**** Extracted records
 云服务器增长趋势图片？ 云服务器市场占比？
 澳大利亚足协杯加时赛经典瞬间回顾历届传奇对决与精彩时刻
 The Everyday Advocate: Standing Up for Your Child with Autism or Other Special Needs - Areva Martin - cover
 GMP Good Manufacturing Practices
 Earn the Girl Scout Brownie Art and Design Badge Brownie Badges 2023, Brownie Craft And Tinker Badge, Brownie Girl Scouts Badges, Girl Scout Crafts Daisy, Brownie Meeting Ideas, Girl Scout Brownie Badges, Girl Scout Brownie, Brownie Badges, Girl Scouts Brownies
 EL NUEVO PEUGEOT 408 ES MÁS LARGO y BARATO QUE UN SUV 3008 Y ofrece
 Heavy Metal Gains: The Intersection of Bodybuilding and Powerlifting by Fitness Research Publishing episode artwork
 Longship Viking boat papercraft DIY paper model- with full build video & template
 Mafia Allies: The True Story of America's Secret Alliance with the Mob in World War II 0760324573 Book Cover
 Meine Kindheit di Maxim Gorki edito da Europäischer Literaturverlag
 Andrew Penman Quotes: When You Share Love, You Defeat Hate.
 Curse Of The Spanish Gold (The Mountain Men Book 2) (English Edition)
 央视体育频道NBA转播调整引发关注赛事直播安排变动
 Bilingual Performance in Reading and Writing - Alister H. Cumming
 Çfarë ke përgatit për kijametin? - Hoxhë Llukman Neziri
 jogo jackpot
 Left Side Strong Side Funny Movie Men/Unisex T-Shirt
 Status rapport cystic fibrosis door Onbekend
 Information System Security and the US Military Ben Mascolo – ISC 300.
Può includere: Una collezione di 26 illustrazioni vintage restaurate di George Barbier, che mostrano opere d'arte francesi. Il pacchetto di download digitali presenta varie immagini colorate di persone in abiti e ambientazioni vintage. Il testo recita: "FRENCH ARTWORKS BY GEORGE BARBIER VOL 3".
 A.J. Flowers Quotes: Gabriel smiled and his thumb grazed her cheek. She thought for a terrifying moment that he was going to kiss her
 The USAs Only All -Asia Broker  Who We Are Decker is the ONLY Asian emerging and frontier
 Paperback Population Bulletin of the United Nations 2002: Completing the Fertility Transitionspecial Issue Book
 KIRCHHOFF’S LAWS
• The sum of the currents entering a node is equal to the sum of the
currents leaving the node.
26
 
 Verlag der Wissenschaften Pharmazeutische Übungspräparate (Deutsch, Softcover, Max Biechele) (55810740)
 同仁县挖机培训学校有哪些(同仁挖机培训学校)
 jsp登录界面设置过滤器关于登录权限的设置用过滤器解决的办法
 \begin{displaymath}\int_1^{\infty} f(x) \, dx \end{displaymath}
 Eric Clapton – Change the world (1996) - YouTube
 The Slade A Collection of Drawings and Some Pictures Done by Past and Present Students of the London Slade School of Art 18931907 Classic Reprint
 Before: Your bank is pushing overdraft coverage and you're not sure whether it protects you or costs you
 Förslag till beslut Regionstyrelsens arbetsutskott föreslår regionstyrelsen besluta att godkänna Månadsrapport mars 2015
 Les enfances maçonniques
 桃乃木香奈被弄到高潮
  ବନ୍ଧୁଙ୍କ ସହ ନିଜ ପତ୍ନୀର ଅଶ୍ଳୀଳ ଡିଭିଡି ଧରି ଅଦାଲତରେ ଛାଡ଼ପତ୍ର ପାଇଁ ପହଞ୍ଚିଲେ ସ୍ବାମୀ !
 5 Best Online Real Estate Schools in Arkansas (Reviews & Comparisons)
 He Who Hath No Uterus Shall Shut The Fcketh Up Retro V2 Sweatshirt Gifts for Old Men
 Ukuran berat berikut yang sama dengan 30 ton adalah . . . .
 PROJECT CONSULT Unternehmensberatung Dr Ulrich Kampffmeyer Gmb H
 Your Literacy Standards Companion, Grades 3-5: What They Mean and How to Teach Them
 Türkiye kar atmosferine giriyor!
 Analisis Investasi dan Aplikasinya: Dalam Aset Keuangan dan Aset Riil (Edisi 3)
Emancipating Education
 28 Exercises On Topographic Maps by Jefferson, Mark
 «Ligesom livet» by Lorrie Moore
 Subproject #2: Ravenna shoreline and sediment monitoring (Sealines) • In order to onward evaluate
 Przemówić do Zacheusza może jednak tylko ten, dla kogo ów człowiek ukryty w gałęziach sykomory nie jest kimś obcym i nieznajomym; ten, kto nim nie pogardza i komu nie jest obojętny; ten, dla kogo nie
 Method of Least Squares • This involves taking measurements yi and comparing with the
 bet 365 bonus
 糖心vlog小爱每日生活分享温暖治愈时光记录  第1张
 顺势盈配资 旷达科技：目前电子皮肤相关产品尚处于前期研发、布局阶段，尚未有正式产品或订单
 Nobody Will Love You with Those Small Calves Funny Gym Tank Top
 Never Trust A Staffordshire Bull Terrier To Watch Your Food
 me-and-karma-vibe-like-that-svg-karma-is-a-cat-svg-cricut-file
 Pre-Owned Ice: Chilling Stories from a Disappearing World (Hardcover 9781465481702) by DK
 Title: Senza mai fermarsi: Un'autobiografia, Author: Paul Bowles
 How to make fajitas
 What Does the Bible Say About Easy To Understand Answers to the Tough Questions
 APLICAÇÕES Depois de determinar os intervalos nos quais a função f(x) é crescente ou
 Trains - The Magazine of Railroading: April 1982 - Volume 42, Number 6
********
# [Assignment]
Looking back over the data above, restate word for word the lines that begin at the line with "Türkiye kar atmosferine giriyor!" and end at the line with "Przemówić do Zacheusza", inclusive.

# [Task answer]
 Türkiye kar atmosferine giriyor!
 Analisis Investasi dan Aplikasinya: Dalam Aset Keuangan dan Aset Riil (Edisi 3)
Emancipating Education
 28 Exercises On Topographic Maps by Jefferson, Mark
 «Ligesom livet» by Lorrie Moore
 Subproject #2: Ravenna shoreline and sediment monitoring (Sealines) • In order to onward evaluate
 Przemówić do Zacheusza może jednak tylko ten, dla kogo ów człowiek ukryty w gałęziach sykomory nie jest kimś obcym i nieznajomym; ten, kto nim nie pogardza i komu nie jest obojętny; ten, dla kogo nie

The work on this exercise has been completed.